Citing trouble: Profs frown on Wikipedia
No local colleges prohibit using online tool, but officials don’t recommend it.
KRIS WERNOWSKY kwernowsky@timesleader.com
If you believe everything you read on Wikipedia, then golfer Fuzzy Zoeller is a pill-popping, wife-beating drunk; comedian Sinbad died of a heart attack; and the prime minister of Norway is a pedophile.
Believe with caution, scholars warn.
The free online service Wikipedia was launched in 2001 as an open-source encyclopedia with content submitted and edited by volunteers.
There is little, or no, academic editorial oversight of Wikipedia and its 1.68 million articles unlike its paper-bound predecessors that, while not perfect, were vetted and subject to peer review.

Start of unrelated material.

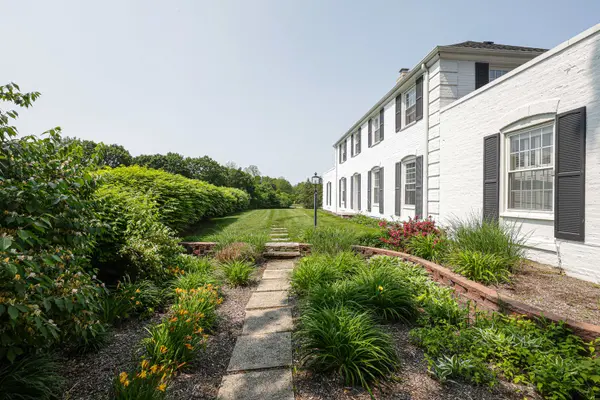 1596 W Palatine RD, Inverness, IL 60067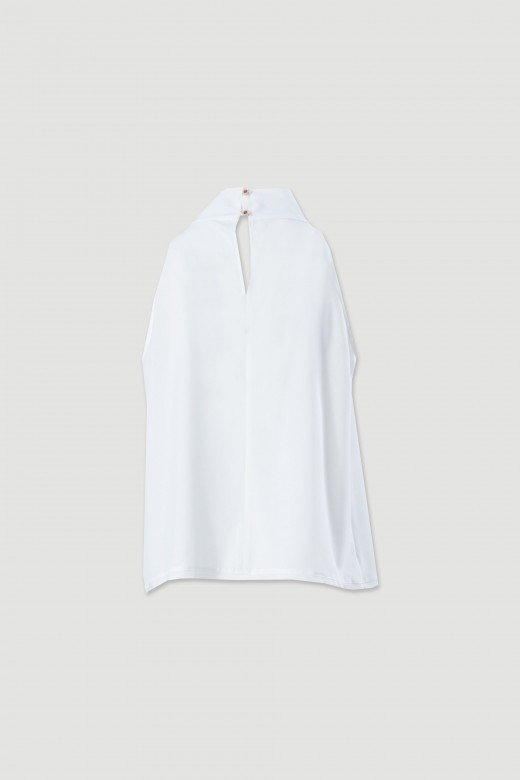 Top con cuello alto drapeado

This disturbs college professors who notice increased citations of Wikipedia articles in research papers submitted by students. The history department at one Vermont college recently developed a policy that forbids the use of the online service.
Brian A. Pavlac, chairman of the King’s College history department, said students should never use Wikipedia as a primary source for research. If a student must use the site, Pavlac suggests using Wikipedia as a tertiary source, or a guidepost to lead students to other forms of more credible information.

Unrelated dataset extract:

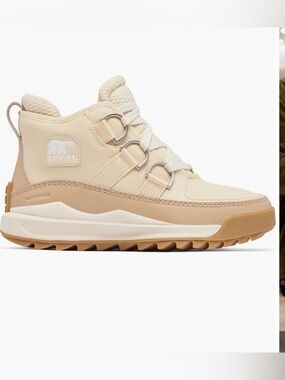 SOREL ONA™ RMX Chukka Plus Waterproof Boots.  size 6.5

“It has its value, but you have to be very careful with it,” said Pavlac, who teaches a research methods course at King’s. “Be aware of its limitations.”

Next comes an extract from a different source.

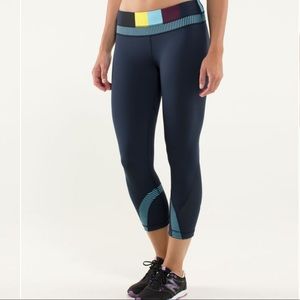 Lululemon inspire crop size 6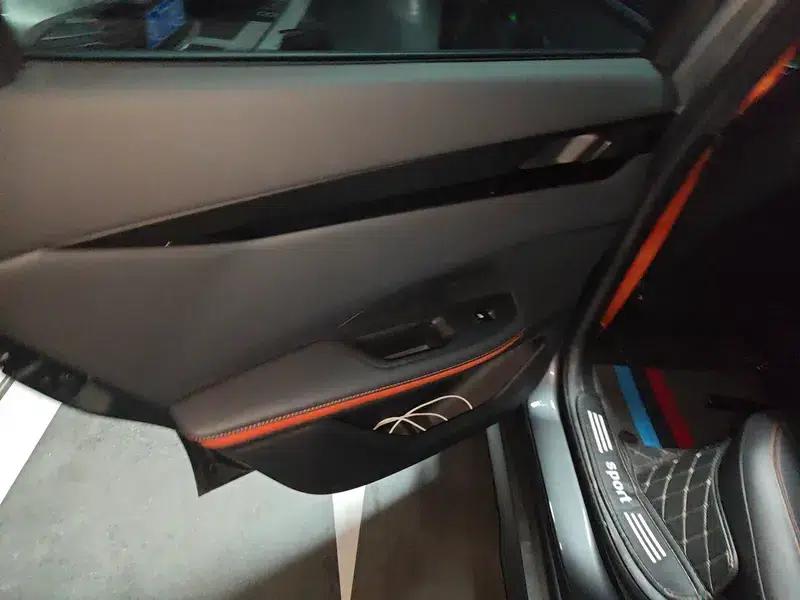 Changan UNI-V 2022 1.5T Premium Edition — миниатюра 18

While no area colleges forbid the use of Wikipedia for research, Middlebury College in Vermont took strict action in telling students they could not use it as a source for papers and exams.
Neil Waters, professor of Japanese studies at Middlebury, said he started to notice the trend last semester when his students’ final exams featured “the same nuggets of misinformation.” He drafted the policy, took it to the department and it passed.
A disclaimer on the Web site warns users that all articles are not of “encyclopedic quality from the start” and says that “many articles start their lives as partisan, and it is after a long process of discussion, debate and argument, that they gradually take on a neutral point of view reached through consensus.” In other words, even if an article contains some misinformation, it’s up to users and volunteers to weed out bad information in exchange for something truthful.
“I think, when Wikipedia works the way it’s supposed to, you can have a crummy article on Wikipedia and people can contribute what they know and it will get better and better,” Waters said. “My view of human nature is not quite so optimistic. The same people who can improve things and make them better; other people can jump in, out of ignorance or malcontent can contribute to its inaccuracy.”
Of course comedian Sinbad isn’t dead, but this past weekend, a Wikipedia posting claimed the actor who starred in the television series “A Different World” and the film “Jingle All The Way” died on the morning of March 14 as a result of a heart attack.
“Saturday I rose from the dead and then died again,” the funnyman told an Associated Press reporter.
Golfer Zoeller didn’t take too kindly to his place in Wikipedia. He filed a lawsuit, not against the Web service, but against the Miami-based company that owns a computer where an article claiming the golfer abused drugs and alcohol was written.
The stalwart weekly news publication The New Yorker recently admitted one of its writers cited a Wikipedia administrator who edited articles and claimed to be a tenured theologian with a Ph.D. The administrator was actually a 24-year-old community college dropout.
Kevin Norris, a reference librarian at the University of Scranton who teaches a course in electronic research, said Wikipedia’s use by college students says less about online encyclopedia, and more about the students who choose to use it.
“I think most students know it’s not the best source, but it’s easy to do an Internet search,” Norris said. “We all remember what it was writing research papers in college. They’re usually started the night before they’re due. People don’t always pick the best sources, but sometimes they pick the easiest sources.”